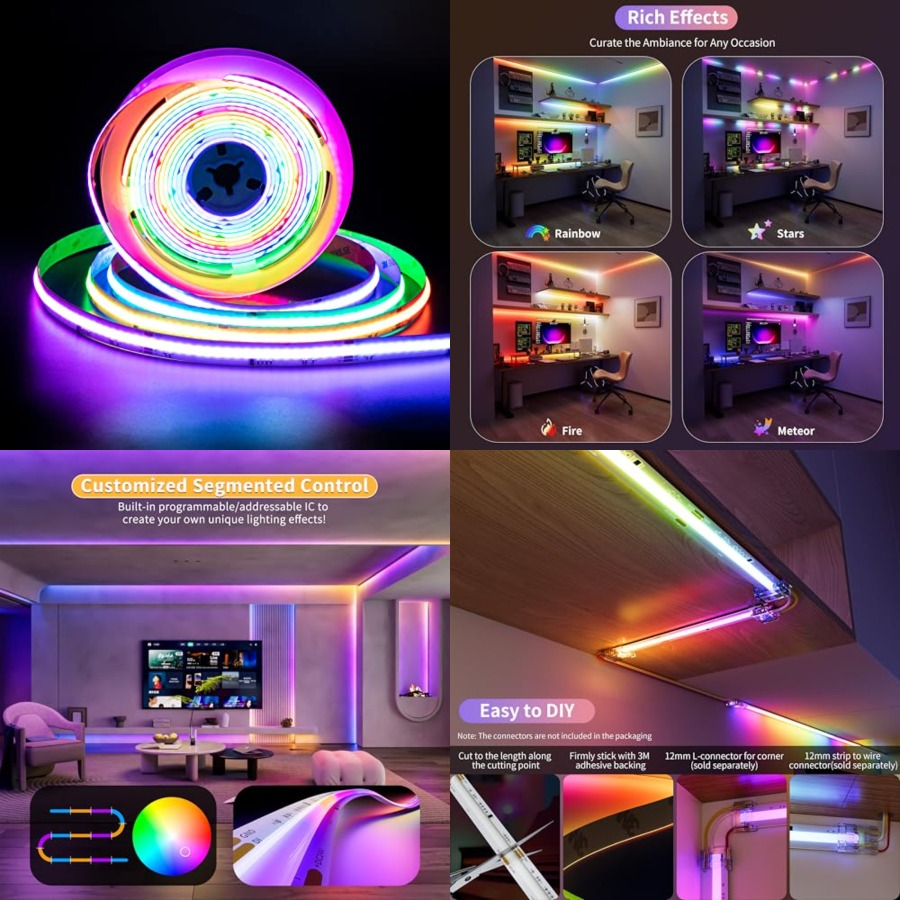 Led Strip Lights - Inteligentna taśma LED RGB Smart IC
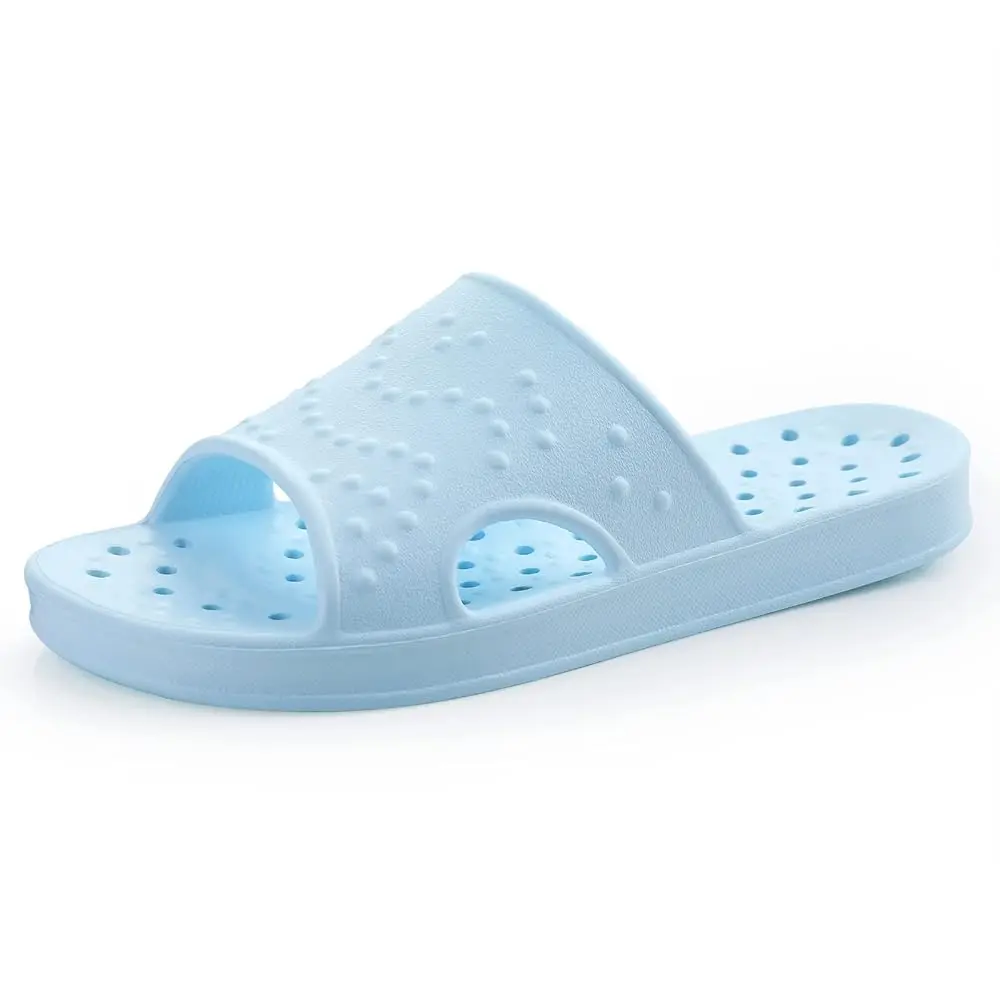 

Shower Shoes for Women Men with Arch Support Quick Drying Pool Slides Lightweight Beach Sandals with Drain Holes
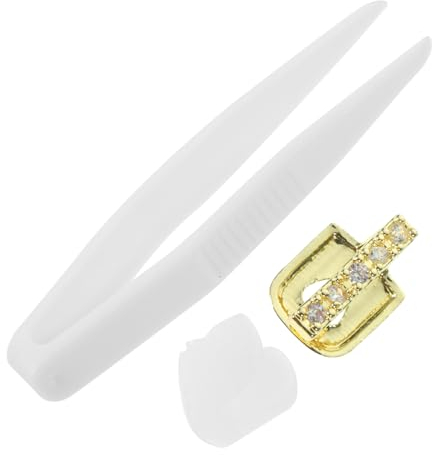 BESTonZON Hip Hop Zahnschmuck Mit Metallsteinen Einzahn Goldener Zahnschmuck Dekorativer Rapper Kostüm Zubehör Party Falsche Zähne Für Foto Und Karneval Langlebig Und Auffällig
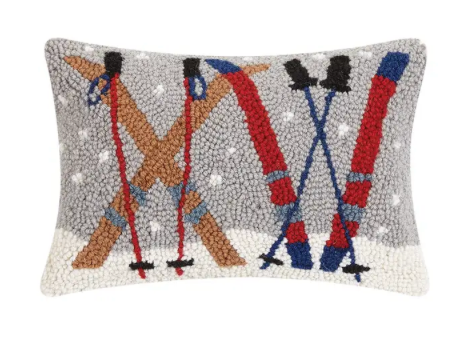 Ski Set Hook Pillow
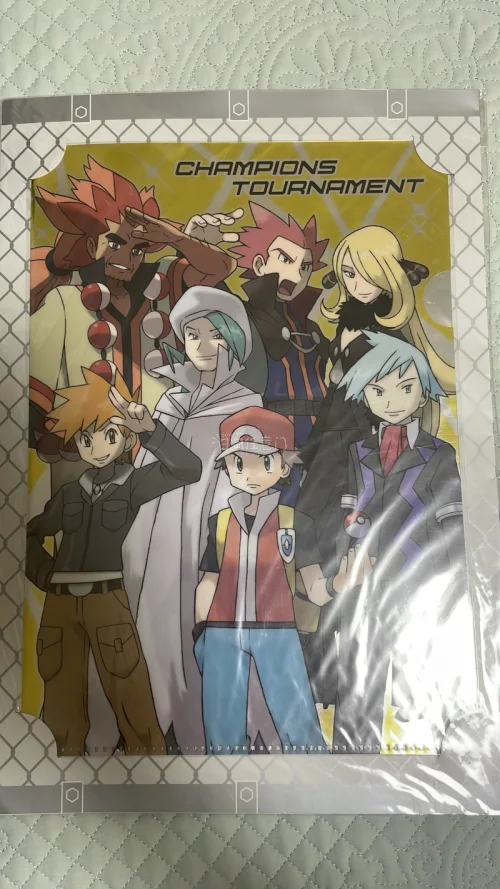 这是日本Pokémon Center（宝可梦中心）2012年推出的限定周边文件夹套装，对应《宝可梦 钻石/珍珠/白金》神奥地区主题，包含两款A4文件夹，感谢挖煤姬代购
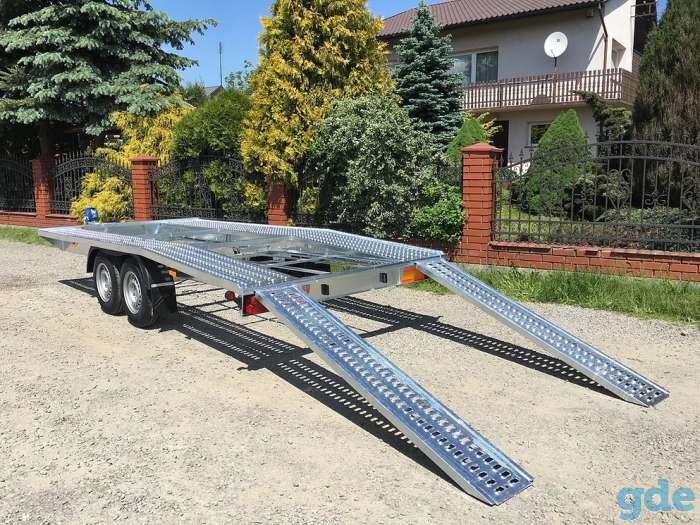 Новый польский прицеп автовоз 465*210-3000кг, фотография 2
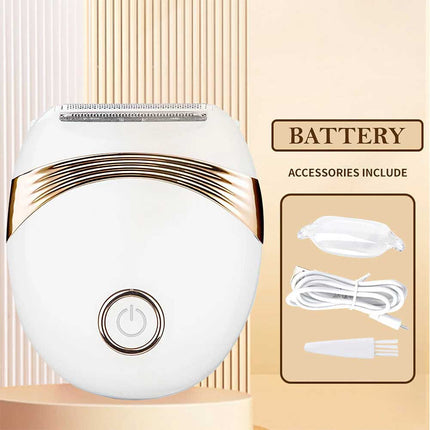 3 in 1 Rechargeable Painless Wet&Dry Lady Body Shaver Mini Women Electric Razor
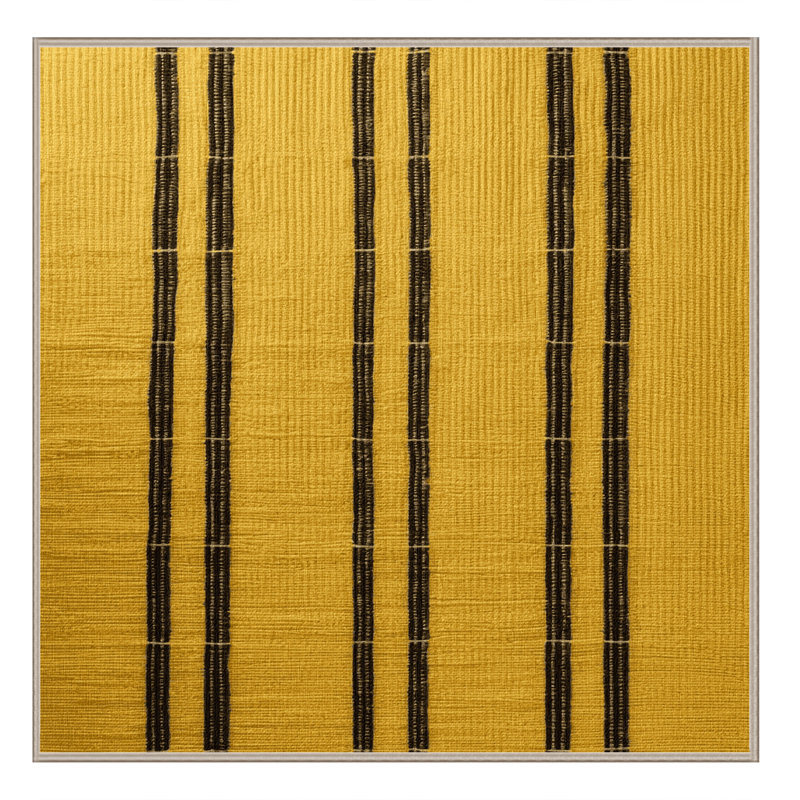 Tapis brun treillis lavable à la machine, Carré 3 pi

> [WHAT TO WORK ON]: Write out only the lines from the one that contains "Ski Set Hook Pillow" through the last line of the records above, both included, word for word and without the pictures.

> [RESULT]:
 Ski Set Hook Pillow
 这是日本Pokémon Center（宝可梦中心）2012年推出的限定周边文件夹套装，对应《宝可梦 钻石/珍珠/白金》神奥地区主题，包含两款A4文件夹，感谢挖煤姬代购
 Новый польский прицеп автовоз 465*210-3000кг, фотография 2
 3 in 1 Rechargeable Painless Wet&Dry Lady Body Shaver Mini Women Electric Razor
 Tapis brun treillis lavable à la machine, Carré 3 pi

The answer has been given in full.